■ **WORK TASK**: Write out the listing from the line with "View of front" to the line with "Woman Opening Horizontal", both lines included, exactly and nothing beyond. Leave pictures out.

■ **INFORMATION SUPPLIED**:

== Segment start ==

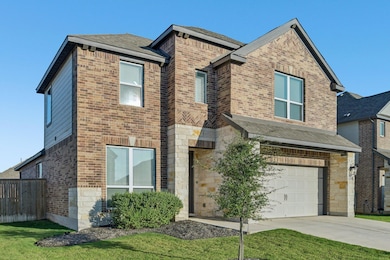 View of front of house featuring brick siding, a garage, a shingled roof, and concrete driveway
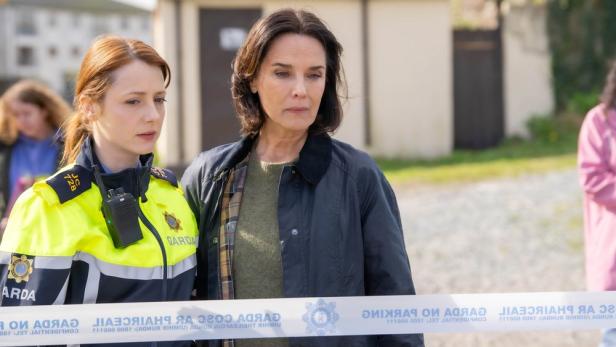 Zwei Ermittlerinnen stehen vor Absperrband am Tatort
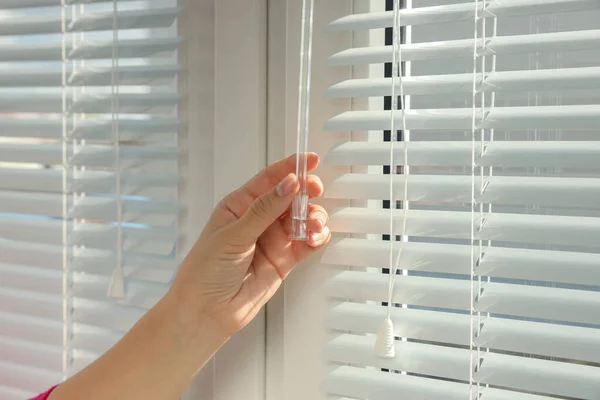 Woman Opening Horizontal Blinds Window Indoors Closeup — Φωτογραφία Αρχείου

== Segment end ==
== Segment start ==

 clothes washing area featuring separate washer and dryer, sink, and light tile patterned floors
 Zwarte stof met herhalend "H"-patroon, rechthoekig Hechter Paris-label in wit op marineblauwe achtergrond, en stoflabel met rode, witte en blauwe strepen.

== Segment end ==

■ **TASK RESULT**:
 View of front of house featuring brick siding, a garage, a shingled roof, and concrete driveway
 Zwei Ermittlerinnen stehen vor Absperrband am Tatort
 Woman Opening Horizontal Blinds Window Indoors Closeup — Φωτογραφία Αρχείου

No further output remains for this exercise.